SRI LANKA I / Der Student nutzt das Projekt gleichzeitig als Thema für seine Diplomarbeit.

Markus Englisch ist in Orsoy geboren, studiert seit sechs Jahren im Österreichischen Innsbruck Architektur, besucht, nachdem er in Sri Lanka aktiv am Wiederaufbau nach dem Tsunami geholfen hat, zurzeit seine Eltern in Orsoy: "Zusammen mit Florent Triaire aus Frankreich habe ich die schreckliche Kathastrophe vom 26. Dezember 2004 zum Anlass genommen, meine Diplomarbeit als praktische Hilfe beim Wiederaufbau zu verstehen. Drei Monate waren wir vor Ort und sind vor knapp zwei Wochen zurückgekehrt.

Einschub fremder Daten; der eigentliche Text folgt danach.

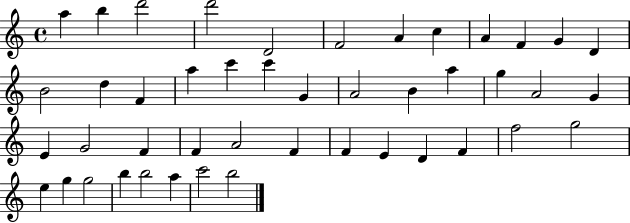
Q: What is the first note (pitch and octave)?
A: A5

"Kennengelernt habe ich Florent vor drei Jahren in Montpellier, wo ich ein Austauschjahr absolvierte. Florent war dann ein Jahr in Innsbruck. Im Februar entstand dann die Idee einen "Eins-zu-Eins-Bau" in Sri Lanka zu realisieren. Unabhängig von einer Organisation und nur mit Hilfe eines Stipendiums der jeweiligen Länder haben wir zuerst die betroffenen Küstengebiete im Westen und Osten Sri Lankas besucht. Dabei fielen uns die Unterschiede der Verwüstung und das geringere Engagement am Wiederaufbau in den Tamilenprovinzen im Osten und Norden der Insel auf.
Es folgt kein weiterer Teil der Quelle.